▶ What is required
Transcribe every line of the material below exactly, leaving out the pictures.

▶ Source material
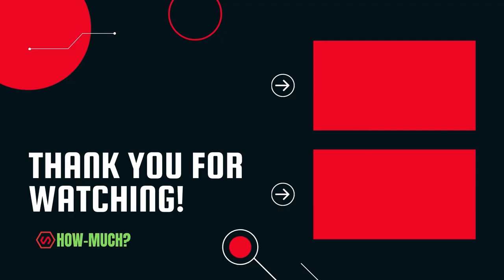Thank you guys for watching. Don't forget to like, comment, and subscribe. Let me know who the next YouTuber you want me to do next.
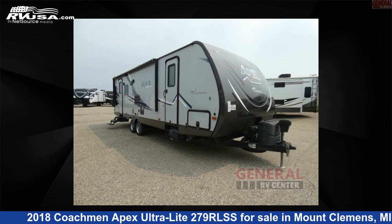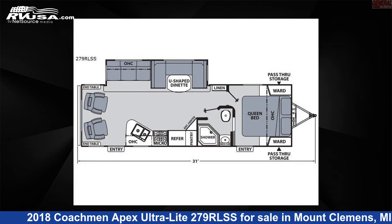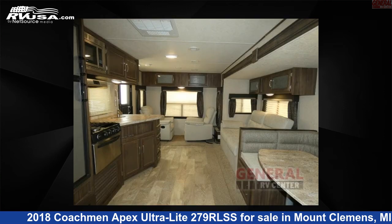This 2018 Coachman Apex Ultralight 279 RLSS is a travel trailer RV. It is located in Mount Clemens, Michigan, 48043 and is offered for sale by General RV Center.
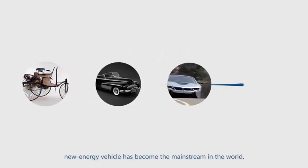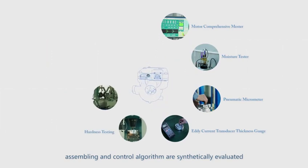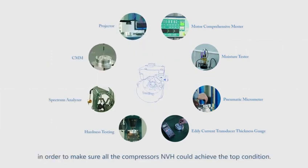Energy vehicles have become the mainstream in the world. Manufacturing, assembling, and control algorithms are synthetically evaluated in order to make sure all the compressors' NVH could achieve the top.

▶ Reply
Thank you guys for watching. Don't forget to like, comment, and subscribe. Let me know who the next YouTuber you want me to do next.
This 2018 Coachman Apex Ultralight 279 RLSS is a travel trailer RV. It is located in Mount Clemens, Michigan, 48043 and is offered for sale by General RV Center.
Energy vehicles have become the mainstream in the world. Manufacturing, assembling, and control algorithms are synthetically evaluated in order to make sure all the compressors' NVH could achieve the top.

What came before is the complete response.